После Культурной революции, которая началась в 1966 году, коррупция опять привлекла всеобщее внимание. В 1982 году Центральный Комитет КПК начал новую компанию против коррупции. Её проведение было затруднено тем, что, по сравнению с предыдущим периодом обострения, резко возросла теневая коррупция. Это связано прежде всего с тем, что чиновники выработали «антитела» на кампании против коррупции и сформировали устойчивые коалиции, в рамках которых «покрывали» друг друга. Государство противодействовало этому реорганизацией контролирующих органов и принятием специальных законов, дополняющих уголовный кодекс и предусматривающих более суровые наказания за вступление в коррупционные отношения[6]. Результаты этой кампании оказались гораздо более скромными. Основным объяснением этому служит предположение о том, что чиновники, предвидя визит контролирующих органов, формировали «наступательные и оборонительные союзы». Центральный дисциплинарный комитет КНР начал сталкиваться с серьезными проблемами в выявлении коррупционных практик. Связано это было с тем, что в них вовлечены высокопоставленные чиновники, предоставляющие поддержку своим подчиненным. Подчас сообщение о коррупционной практике, посылаемое одним из чиновников наверх, перехватывалось его начальником либо коалицией его сослуживцев-коррупционеров.

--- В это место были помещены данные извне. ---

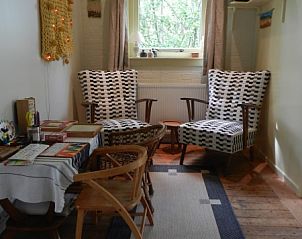Kleine leeshoek in Buutvrij vakantiehuis op Schiermonnikoog met comfortabele stoelen.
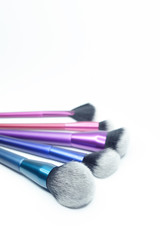 Set of colorful brushes for makeup isolated on white background.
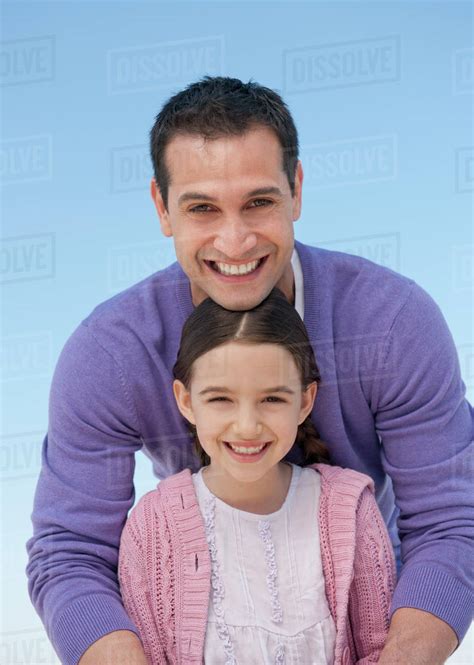 Portrait Of Father Embracing Daughter 8 9 Stock Photo Dissolve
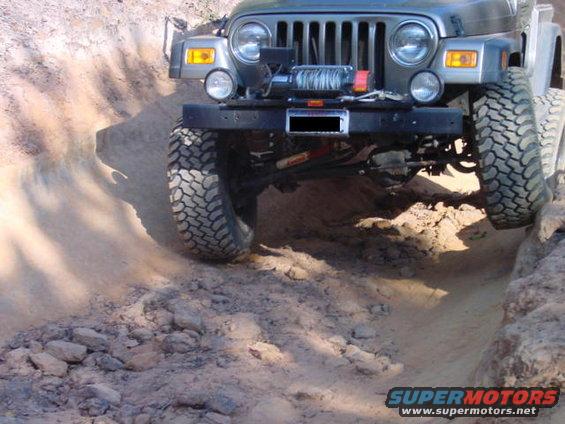 Gray Jeep Wrangler front bumper with winch, off-roading on a dirt path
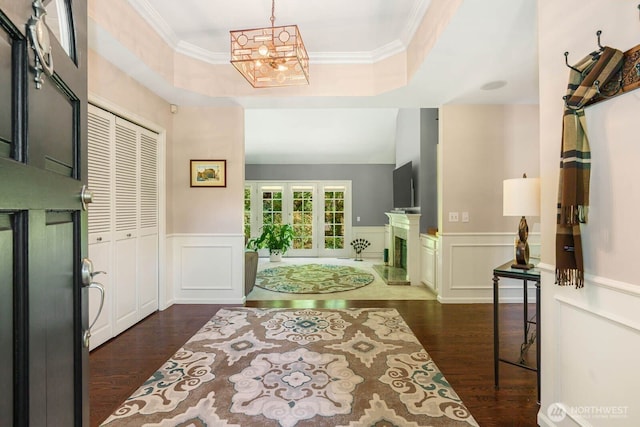 2444 220th Pl NE, Sammamish, WA 98074 - bathroom with wood finished floors, a chandelier, a wainscoted wall, a raised ceiling, and a decorative wall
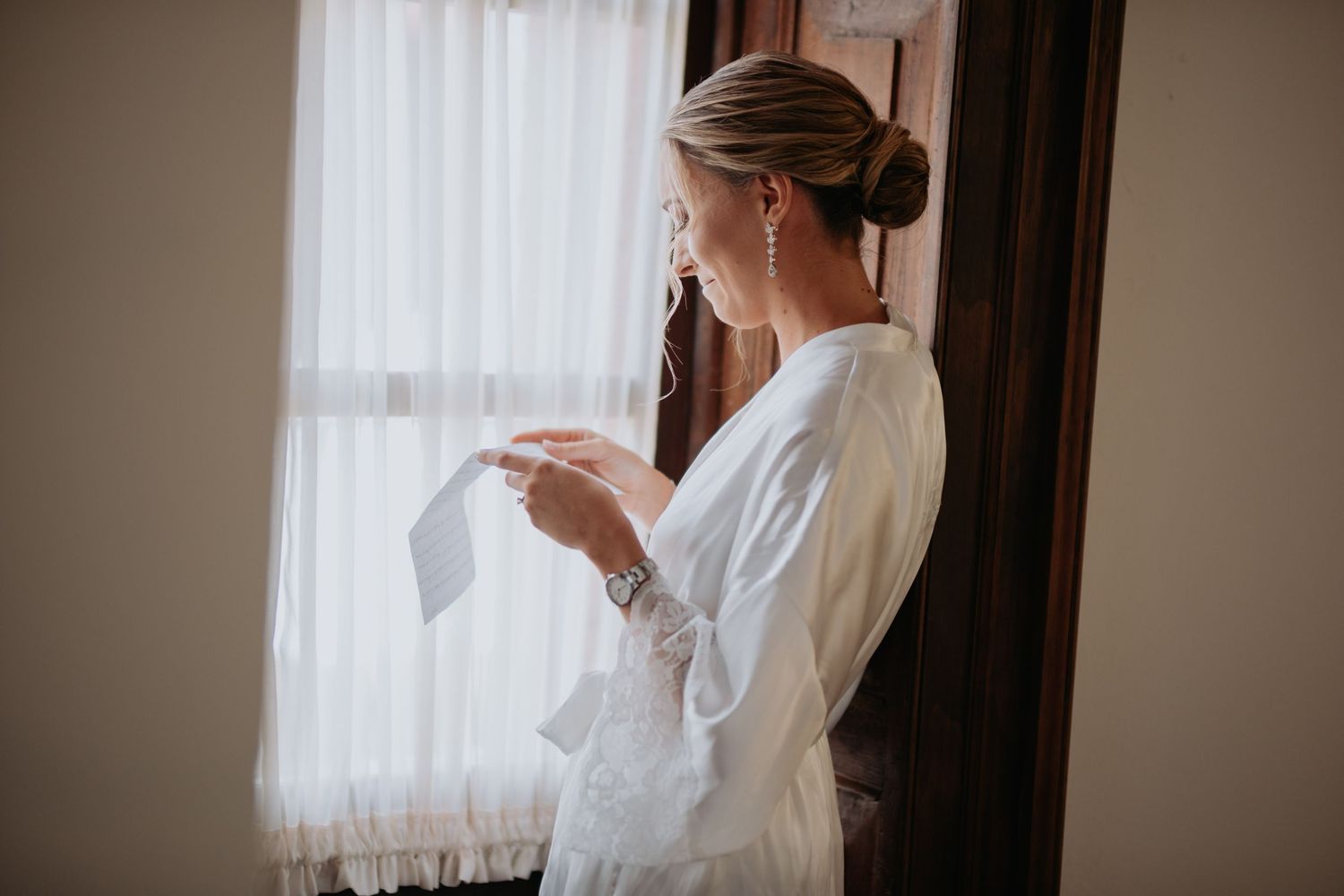 Figure in white robe reads letter by window during wedding morning preparations.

Другими словами, первая волна (цикл) борьбы против коррупции привела к формированию коррупционных сетей, то есть – к новому качественному уровню коррупции.

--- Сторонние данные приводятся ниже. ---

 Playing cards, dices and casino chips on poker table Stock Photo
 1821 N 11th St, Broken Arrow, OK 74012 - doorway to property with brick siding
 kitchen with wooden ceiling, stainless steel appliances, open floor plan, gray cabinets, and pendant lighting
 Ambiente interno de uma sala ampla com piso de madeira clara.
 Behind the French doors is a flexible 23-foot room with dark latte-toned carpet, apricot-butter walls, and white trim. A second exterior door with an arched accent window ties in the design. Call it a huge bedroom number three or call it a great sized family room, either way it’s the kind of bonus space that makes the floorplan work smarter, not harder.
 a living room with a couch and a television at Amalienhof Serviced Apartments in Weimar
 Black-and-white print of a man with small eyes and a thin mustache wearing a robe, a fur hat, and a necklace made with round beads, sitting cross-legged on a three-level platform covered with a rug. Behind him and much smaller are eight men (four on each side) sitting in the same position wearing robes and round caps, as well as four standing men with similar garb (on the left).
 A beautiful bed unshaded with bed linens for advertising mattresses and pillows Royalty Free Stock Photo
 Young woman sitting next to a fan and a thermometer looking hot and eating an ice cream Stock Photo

Объяснение циклов вполне очевидно – в Китае в то время боролись с симптомами проблемы, а не с проблемой, с коррупционерами, а не с источниками возникновения коррупции.
Вторая группа мер носит превентивный, а не карательный характер, направлена против причин, а не внешних выражений коррупции, и поэтому лишена многих недостатков, присущих «методу войны». Меры превентивного характера были собраны сотрудниками Мирового банка в единую многоцелевую стратегию борьбы с коррупцией[7]. Она состоит из пяти разделов:
1. Институциональные основы:
· институциализация независимой и эффективной судебной власти;
· расширение сферы действия парламентского контроля;
· обеспечение независимости правоохранительных органов.
2. Политическая ответственность:
· политическая конкуренция, заслуживающие доверия политические партии;
· прозрачность в финансировании партий;
· прозрачность процедуры голосования для избирателей;
· обязанность госслужащих декларировать имущество, правила, регулирующие вопрос конфликта интересов.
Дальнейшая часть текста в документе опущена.